That out of the way, the explorers noticed a dark line on the horizon and an ominous rushing sound. The sailor recognized it as a tsunami and estimated that they had little more than an hour before it hit. Looting the fane, which consisted of a few cabins of a shipwreck atop a rocky islet pierced by a well, they came away with the jewelry of a nobleman preserved in a cask of sherry and some valuable books. But the same high tide that had eased their passage over the drowned zombies now filled up the well and access to the passages below, filled with the donations of the faithful. Gnaro threw some gnomish sausage into the water and quickly attracted one of the guardian seawolves, who provided enough deterrent for the party to gather up their spoils and head for the hills. A wise move, for when the tidal wave hit it was ridden by a giant sharktopus, unholy spawn of Dagon and Charybdis.

In the aftermath of the disaster, the party heard some strange stories circulating. Merchants and jewelers who had rushed back to their strongholds in the city, ahead of anyone else, had found emptied cellars and strongrooms they thought secure, their broken doors not wholly convincing as tsunami damage. Could the party have been set up to trigger the wrath of Dagon, God of Tides, King of Watery Death, as part of some larger, astoundingly callous caper? Best not to think about it, or the treasures you left behind in the passages underneath the Fane ...

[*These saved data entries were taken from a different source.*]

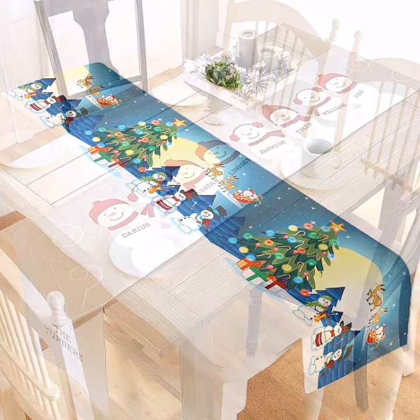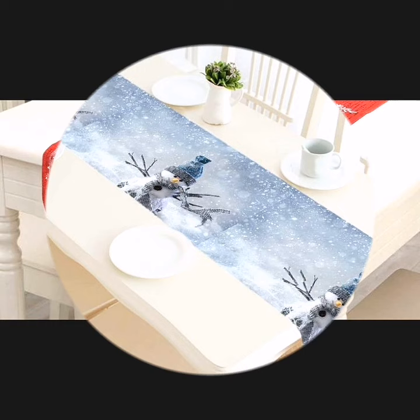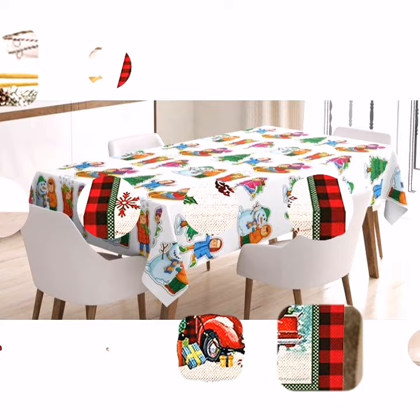Hello friends, welcome back to my YouTube channel. How are you, my dear friends? I hope you are well and good. You are watching me on Chicago Craft. I am introducing my latest video: stylish design of Christmas table runner ideas and dining table runner ideas.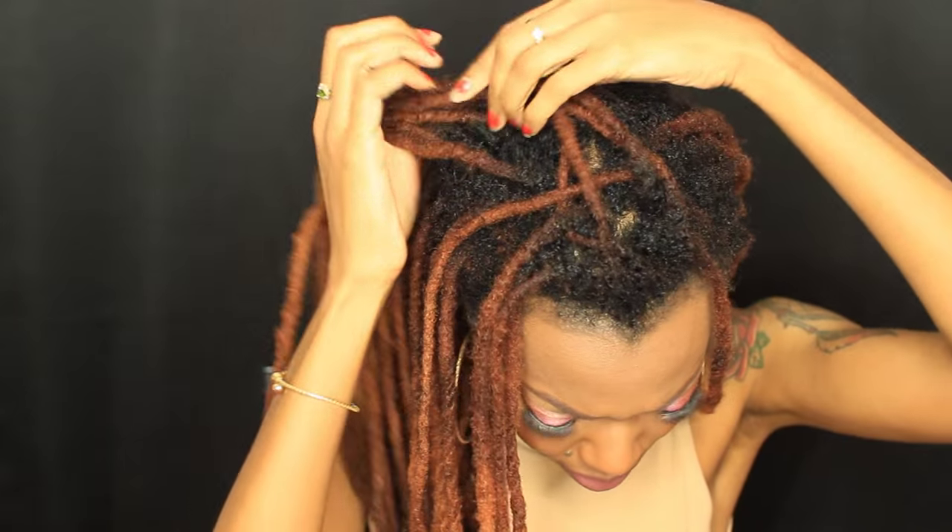I'm thinking she's referring to when you wash your locks and they start to marry a bit at the root, and then you have to separate them. I haven't retwisted my locks in maybe a month, so yeah, I definitely have to pop my locks so that they don't marry.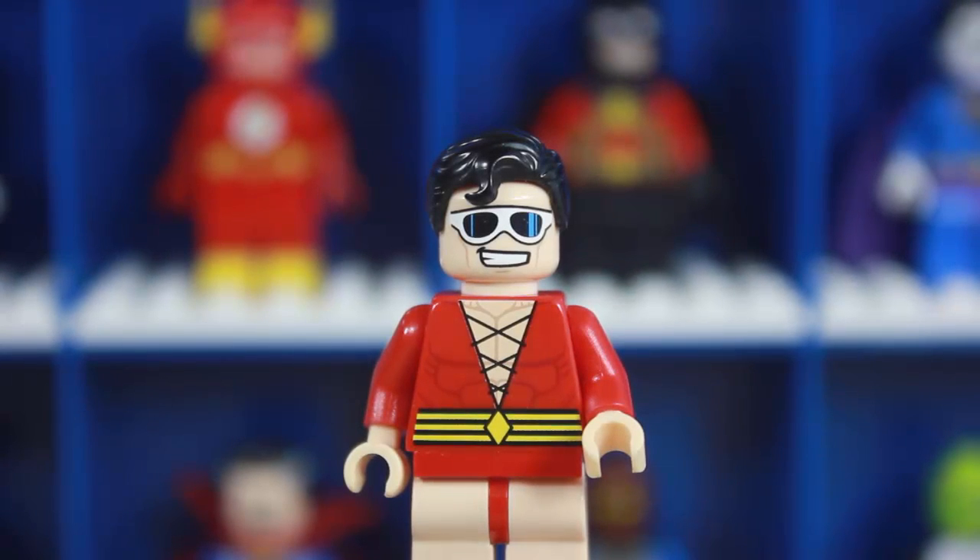Welcome back guys for another LEGO review. I know you guys are wondering where I've been — I've been very busy this past summer. I've been on like four different vacations and just all this prep work for college and all that stuff in my personal life, so I just had to put this on the back seat.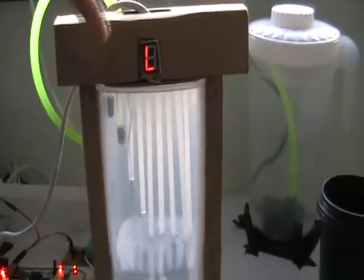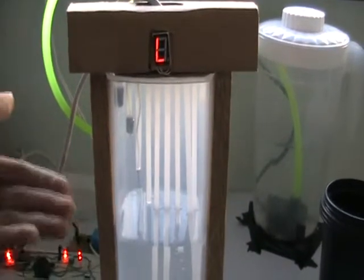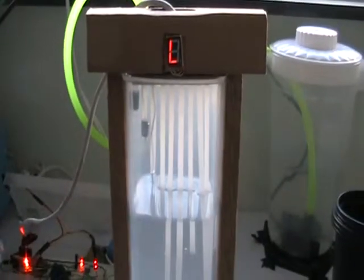Let's test it. The buzzer is ringing and the LED is representing a low level state. There is a flow of water increasing. We just made it a high state and the water will stop, then the buzzer will stop.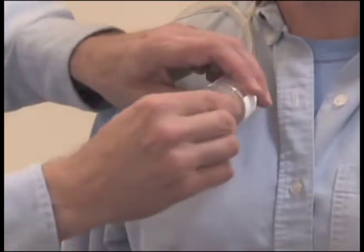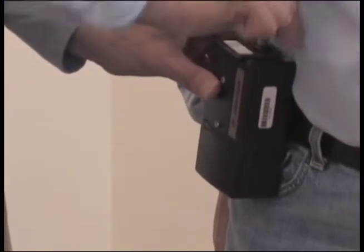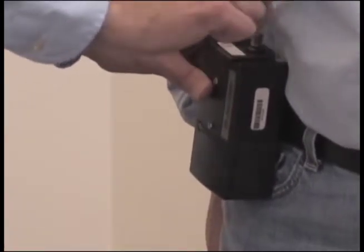Remove the colored nib from the inlet side of the filter cassette. Turn on the pump and record the time to the minute that you started the pump on the field data sheet.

In the afternoon we played a fun, short scenario in Paolo's Cthonic Codex world, with themes of goats, moss, and a ghost dragon whose fossilized ribcage was a bridge in a canyon. The AFG system is about as simple as it gets and I recommend it for anyone who wants to prioritize ideas and creativity over rules and process, plus it has one of the coolest magic systems out there. Paolo and I then played in a demo of Lords of War, a card-battling game with simple rules but very deep strategic play.

Dragonmeet lives up to the second part of its compound. It is a great place to meet people with all kinds of ad-hoc gaming going on, and you tend to run into a lot of people you know from the gaming scene if you have lived in Southeast England for a while. This time it continued till 11 with open gaming, which was a great improvement, even though I had to get dinner with some old L5R cronies and run off to catch the last train.

Monday 2 December 2013

Dragonmeet 2013

This coming Saturday I'll be at Dragonmeet 2013 in London, running the below adventure in the morning and most likely playing in Paolo's game in the afternoon.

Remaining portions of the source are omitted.